B. Seller desires to sell the Branch Office and
assign the deposit liabilities associated therewith, and Buyer
desires to acquire the Branch Office and assume such deposit
liabilities, all on the terms and subject to the conditions set
forth herein.
AGREEMENT
NOW, THEREFORE
, in consideration of the premises
and the mutual terms and provisions set forth in this Agreement,
the parties agree as follows:
Article One
Purchase and Sale of Assets and
Assumption of Liabilities
Section
1.01. Purchase of Assets.
Upon the terms and subject to the
conditions and representations set forth herein, Seller shall sell,
convey, assign and transfer to Buyer at the Closing (as defined in
Section 2.01 below), and Buyer shall purchase and accept from
Seller, all right, title and interest of Seller in and to the
following assets (collectively, the “Assets”) as the
same exist on the Closing Date (as defined in Section 2.02
hereof:
(a) Records. All books, records,
files and original documents relating to the Assets and the Assumed
Liabilities (as defined in Section 1.02) (the
“Records”).
(b) Personal Property. The
furniture, fixtures, equipment, improvements and other items of
tangible personal property located at the Branch Office as of the
close of business on the Closing Date, together with Seller’s
leasehold interest in the Branch Office, and all sign structures
(collectively, the “Personal Property”), as set forth
on Schedule B to this Agreement, and such additional items of
tangible personal property as may be placed at the Branch Office
after the date of such Schedule B to replace damaged or worn items
or as may be required for the operation of the Branch office (such
additional items not to exceed $5,000 in aggregate cost); provided,
however, that Buyer shall have the right not to purchase any
software with respect to which a transfer fee would be payable on
transfer. If, prior to the Closing Date, any item of Personal
Property which would have been Personal Property at the Closing is
stolen, destroyed or otherwise lost, such item shall be excluded
from the sale contemplated hereby, and the term “Personal
Property” as used herein shall exclude any such item(s). If,
prior to the Closing Date, any item of Personal Property is damaged
by fire or other casualty, such item(s), if reasonably repairable,
shall be sold to Buyer (in accordance with the provisions hereof)

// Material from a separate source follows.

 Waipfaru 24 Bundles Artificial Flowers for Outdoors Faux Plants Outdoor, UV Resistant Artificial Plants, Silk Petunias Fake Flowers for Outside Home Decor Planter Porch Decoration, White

and the insurance proceeds relating to such item shall be assigned
to Buyer, it being understood that if any such item is not
reasonably repairable, it shall be excluded from the sale
contemplated hereby.
(c) Loans. Overdraft loans of Seller
specifically related to the Deposit Liabilities (as defined in
Section 1.02(a) and attributed to the Branch Office, such
loans as they exist as of June 30, 2006 being listed on
Schedule C to this Agreement, and including accrued interest
thereon through the Sunday following the Closing Date (the
“Loans”); provided, that the terms “Loans”

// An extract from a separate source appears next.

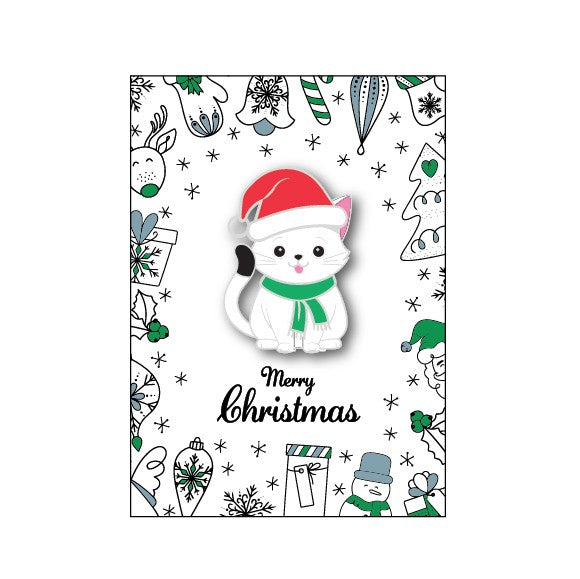 Christmas-themed badge with a cat wearing a Santa hat and green scarf, surrounded by festive illustrations.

shall not include any loans or other extensions of credit which
would otherwise be included but, as of the Closing Date, are sixty
(60) days or more past due, on non-accrual status or are
internally classified by Seller as substandard or worse. All Loans
shall be assigned to Buyer without recourse against Seller and
subject to the representations and warranties set forth in
Section 3.14 hereof.
(d) Assumed Contracts.
Seller’s rights under, or created by, the Assumed Contracts
(as defined in Section 1.02(c) below).
(e) Cash on Hand. All teller working
cash, petty cash and vault cash at the Branch Office as of the
close of business on the Closing Date (the “Cash on
Hand”).
Section
1.02. Assumption of Liabilities.
Upon the terms and subject to the
conditions set forth herein, at the Closing Seller shall transfer
and assign to Buyer, and Buyer shall assume from Seller and agree
to pay, perform and discharge by documentation reasonably
satisfactory as to form and substance to Seller, as of the close of
business on the Closing Date, the following liabilities, and none
other (collectively, the “Assumed
Liabilities”):
(a) Deposit Liabilities. All deposit
liabilities maintained at the Branch Office, in accordance with the
terms of the agreements pertaining to such deposits, as shown on
the books and records of Seller as of the close of business on the
Closing Date, including accrued but unpaid interest thereon through
the Sunday following the Closing Date, including those deposits
subject to overdrafts as of the Closing Date, except as provided in
this subsection and in Section 2.03(c) hereof (the
“Deposit Liabilities”). The deposits of Seller that
would have constituted Deposit Liabilities on June 30, 2006
are listed and identified on Schedule A hereto. As soon as
practicable after execution of this Agreement, Seller will provide
Buyer with a current listing of the deposits of the Branch Office,
sorted by postal zip code. Based on this listing and any other
information available, Buyer and Seller will jointly determine any
customers who are assigned in Seller’s records to the Branch
Office (“Branch Customers”) but who appear to be
utilizing Seller’s other office as their primary banking
service provider, and Seller will reassign such customers to the
appropriate office. As used herein, the term “Deposit
Liabilities” shall include all of the deposit accounts
evidencing deposit products offered by Seller from the Branch
Office, including, without limitation, savings accounts, statement
accounts, checking accounts, money market accounts, and
certificates of deposit; provided, however , that there
shall be excluded from the term “Deposit Liabilities”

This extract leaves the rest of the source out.